Can you transcribe the data exactly? Leave the pictures out.

* [SUPPLIED DATA]
------------------------------------------------------------
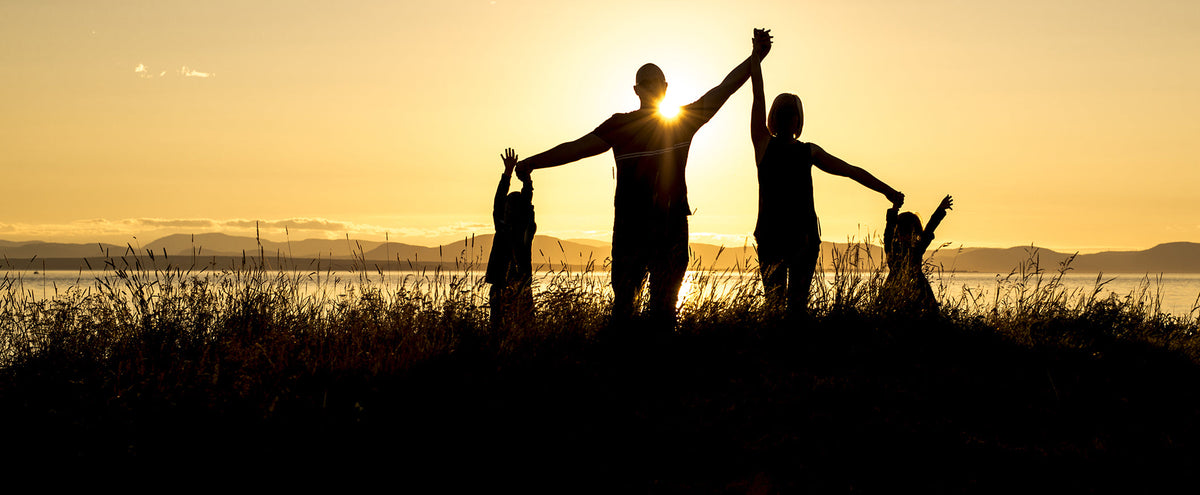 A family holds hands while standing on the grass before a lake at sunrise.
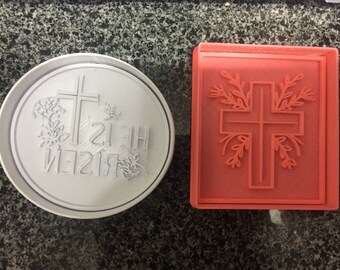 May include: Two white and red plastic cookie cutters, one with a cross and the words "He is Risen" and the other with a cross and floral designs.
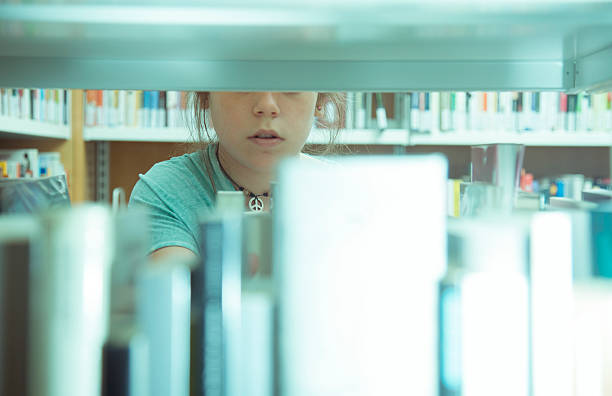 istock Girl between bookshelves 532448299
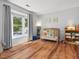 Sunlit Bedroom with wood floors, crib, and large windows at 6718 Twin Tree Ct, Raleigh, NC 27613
------------------------------------------------------------
* [OUTPUT BELOW]
 A family holds hands while standing on the grass before a lake at sunrise.
 May include: Two white and red plastic cookie cutters, one with a cross and the words "He is Risen" and the other with a cross and floral designs.
 istock Girl between bookshelves 532448299
 Sunlit Bedroom with wood floors, crib, and large windows at 6718 Twin Tree Ct, Raleigh, NC 27613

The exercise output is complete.